Captioned web image data:
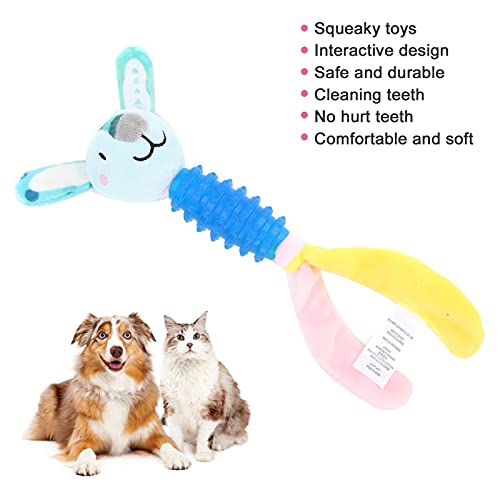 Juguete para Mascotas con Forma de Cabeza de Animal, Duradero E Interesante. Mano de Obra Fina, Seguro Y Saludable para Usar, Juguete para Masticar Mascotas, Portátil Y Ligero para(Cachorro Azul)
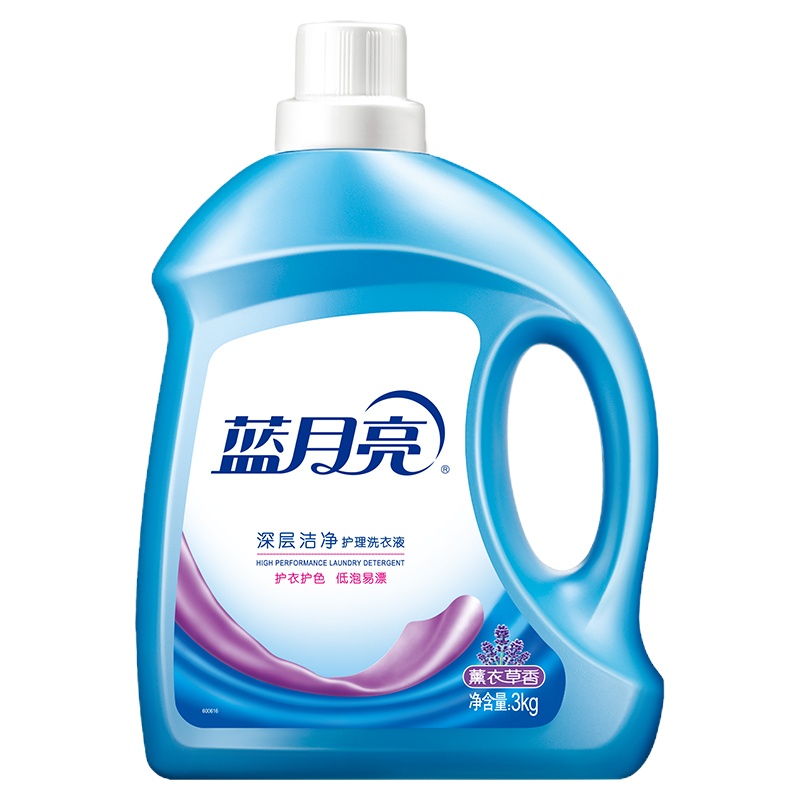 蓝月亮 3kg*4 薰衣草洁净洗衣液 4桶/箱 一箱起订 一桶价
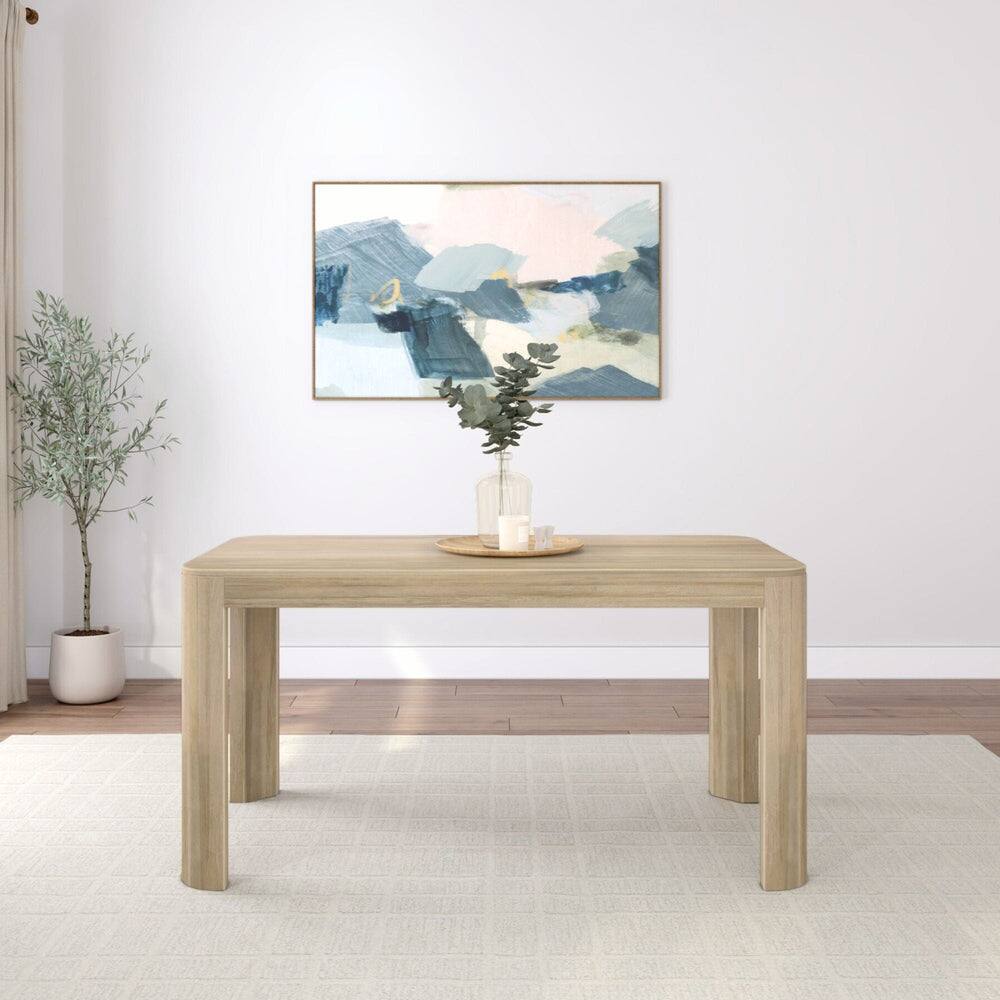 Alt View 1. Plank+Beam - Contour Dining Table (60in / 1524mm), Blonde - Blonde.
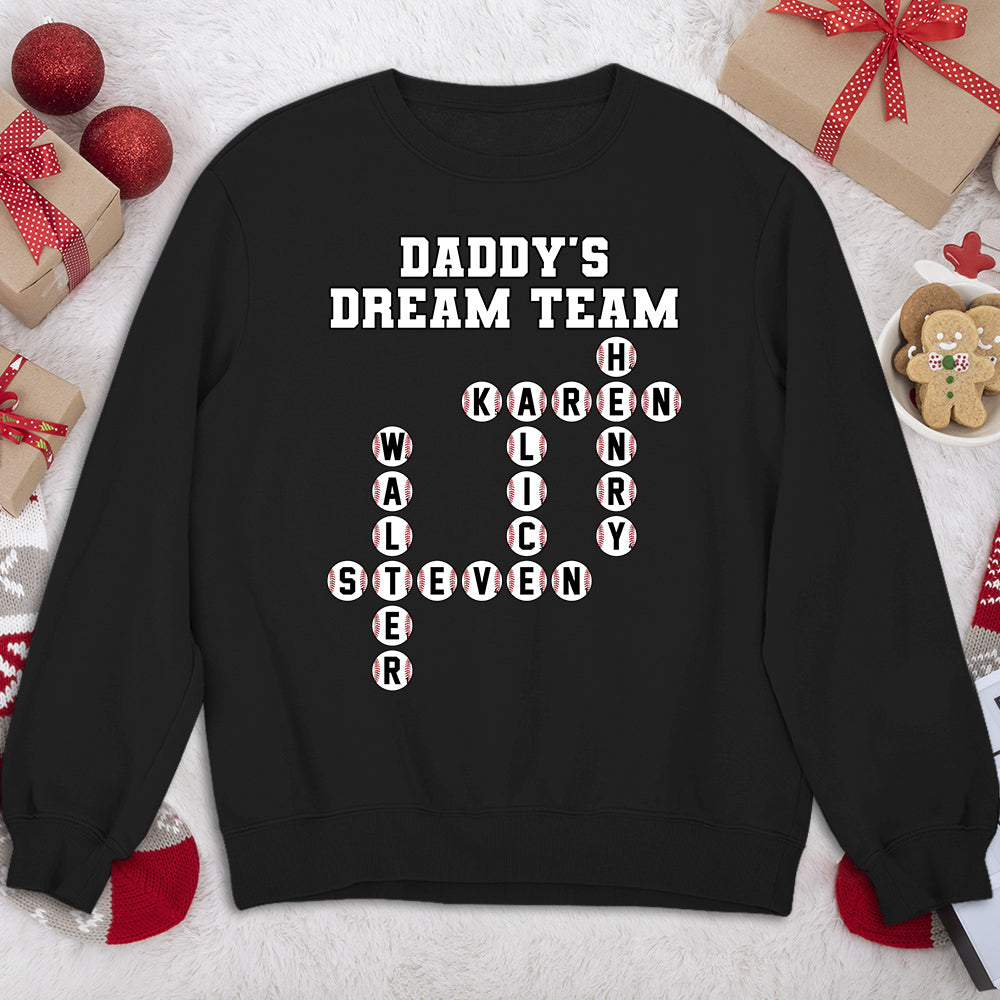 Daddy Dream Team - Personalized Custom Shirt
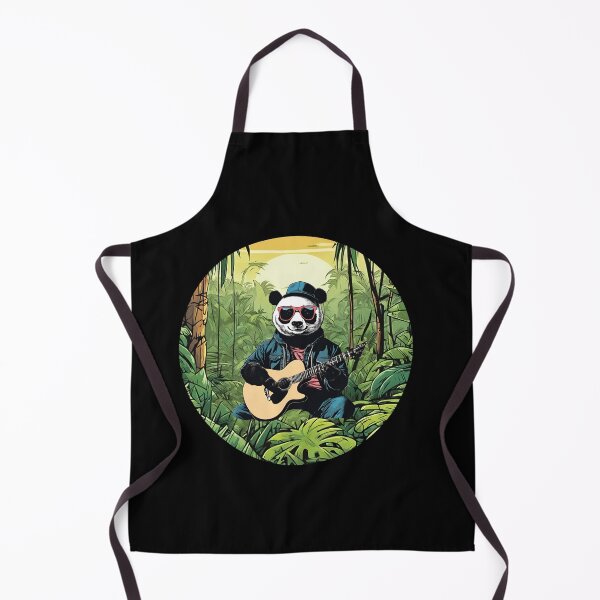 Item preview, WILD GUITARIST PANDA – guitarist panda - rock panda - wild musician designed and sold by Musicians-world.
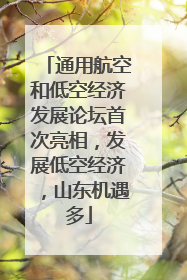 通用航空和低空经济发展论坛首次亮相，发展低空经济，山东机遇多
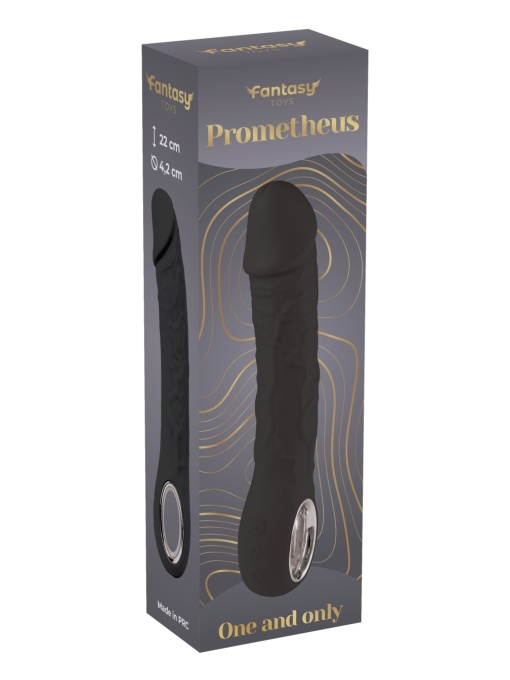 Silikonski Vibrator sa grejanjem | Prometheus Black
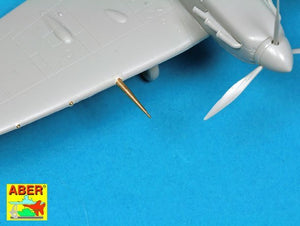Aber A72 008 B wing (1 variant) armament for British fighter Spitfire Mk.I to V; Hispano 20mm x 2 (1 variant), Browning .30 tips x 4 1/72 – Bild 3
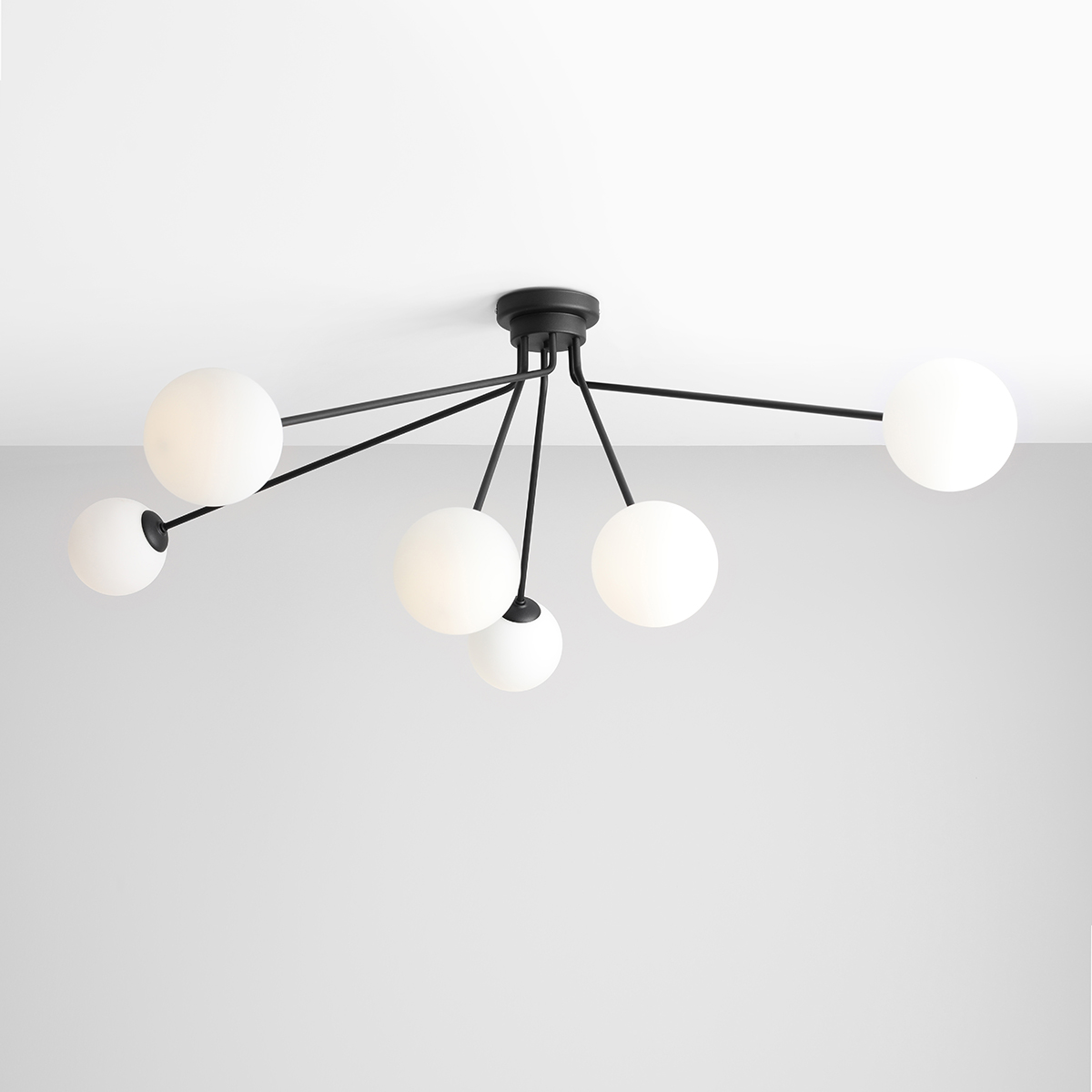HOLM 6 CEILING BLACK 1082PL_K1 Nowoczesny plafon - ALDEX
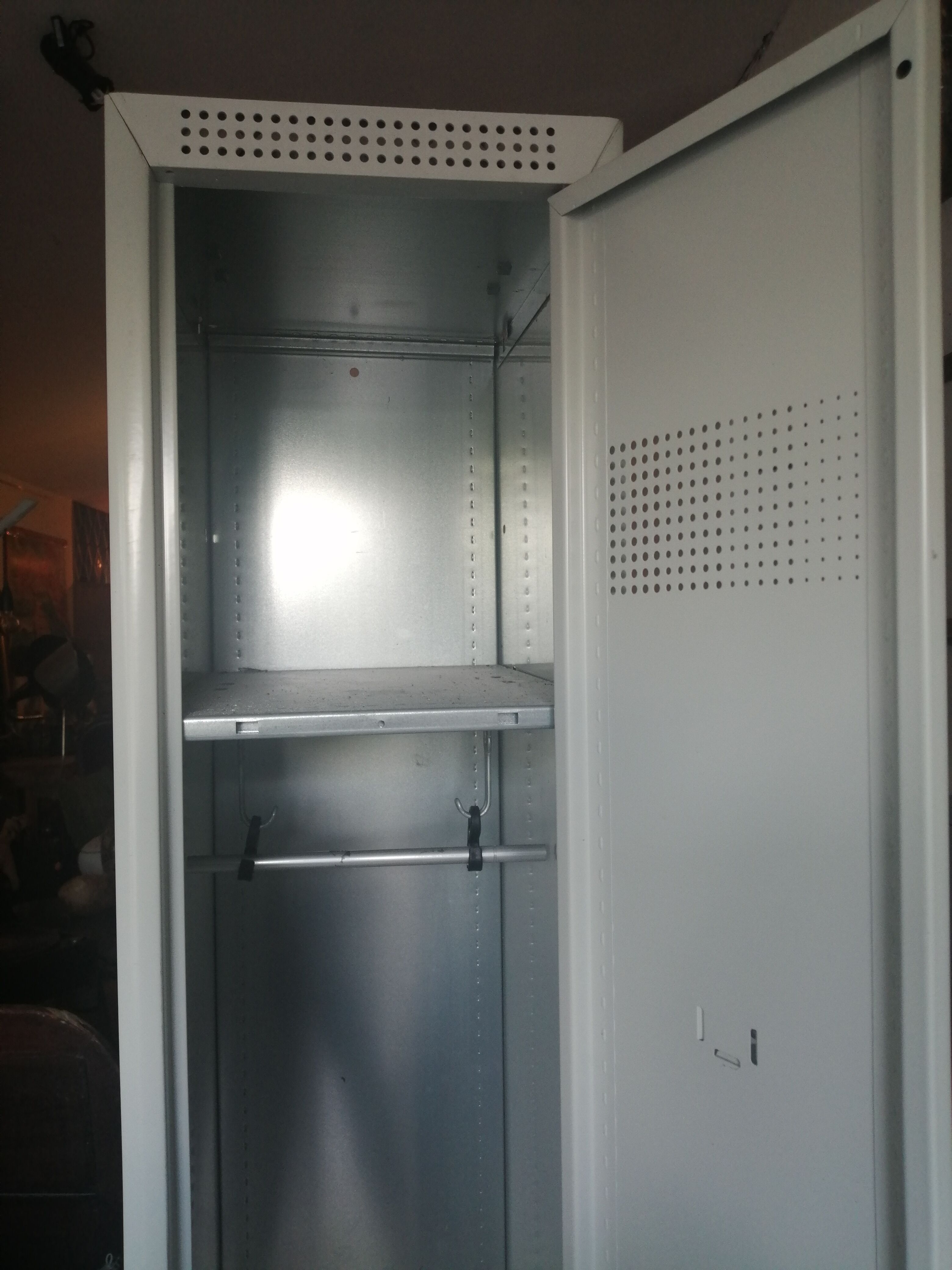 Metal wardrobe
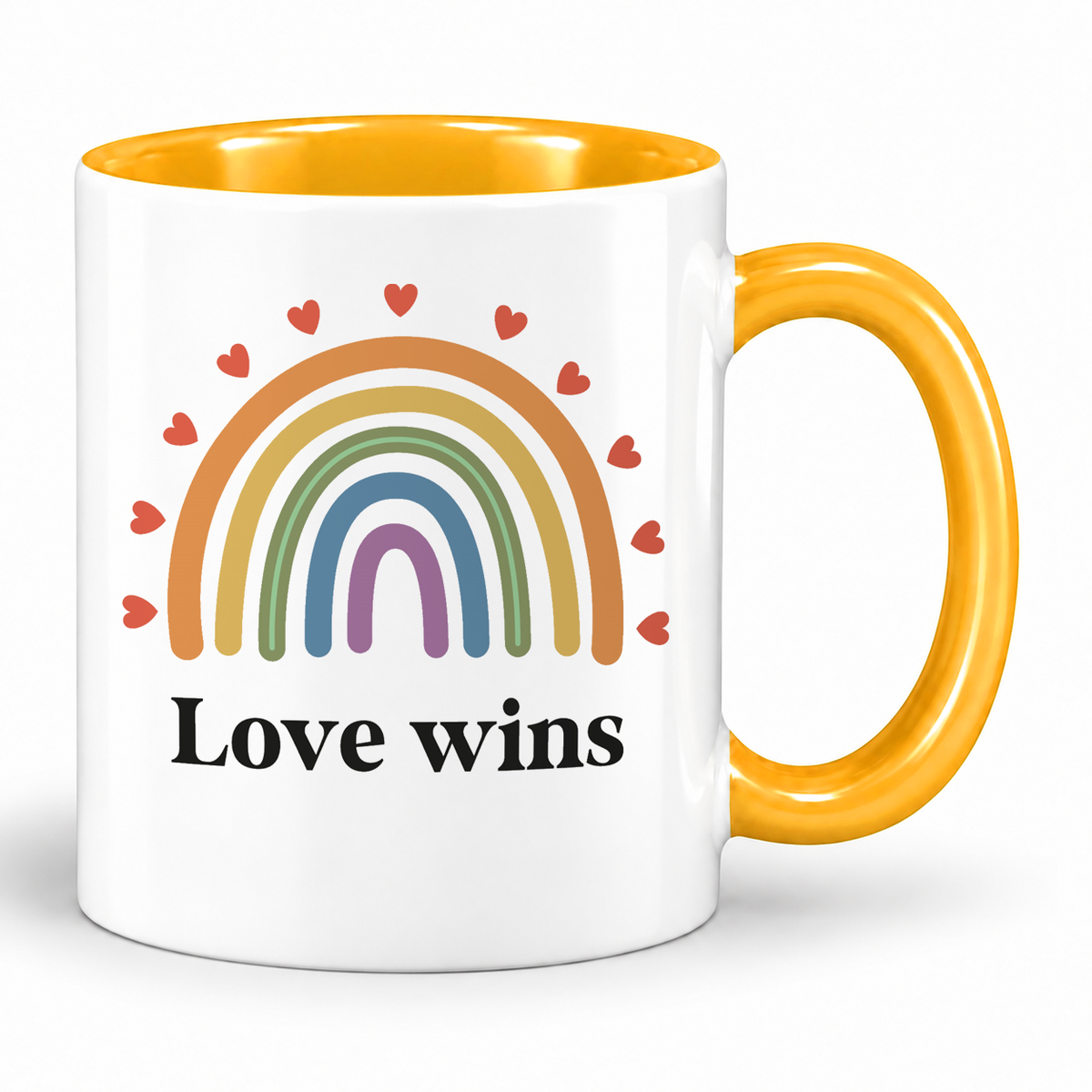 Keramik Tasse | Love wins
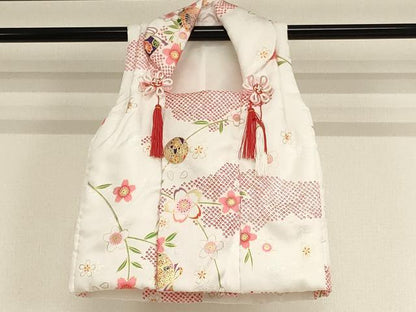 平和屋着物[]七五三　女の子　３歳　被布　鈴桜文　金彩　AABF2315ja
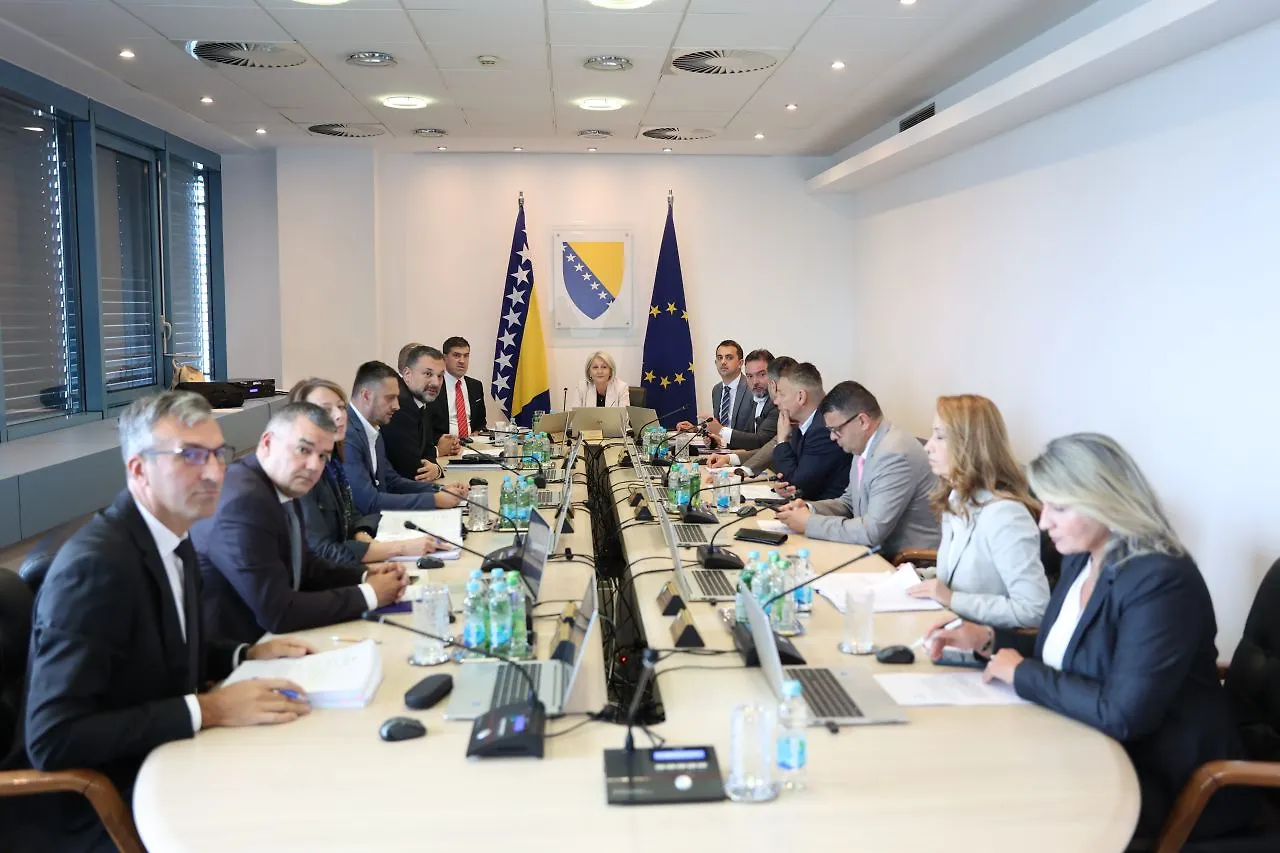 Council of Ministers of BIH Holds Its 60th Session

_Task prompt_
Skipping every picture, transcribe exactly the lines above from the one containing "通用航空和低空经济发展论坛首次亮相，发展低空经济，山东机遇多" through the one containing "平和屋着物[]七五三　女の子　３歳　被布　鈴桜文　金彩　AABF2315ja", both included.

_Solved problem_
 通用航空和低空经济发展论坛首次亮相，发展低空经济，山东机遇多
 Silikonski Vibrator sa grejanjem | Prometheus Black
Aber A72 008 B wing (1 variant) armament for British fighter Spitfire Mk.I to V; Hispano 20mm x 2 (1 variant), Browning .30 tips x 4 1/72 – Bild 3
HOLM 6 CEILING BLACK 1082PL_K1 Nowoczesny plafon - ALDEX
 Metal wardrobe
 Keramik Tasse | Love wins
 平和屋着物[]七五三　女の子　３歳　被布　鈴桜文　金彩　AABF2315ja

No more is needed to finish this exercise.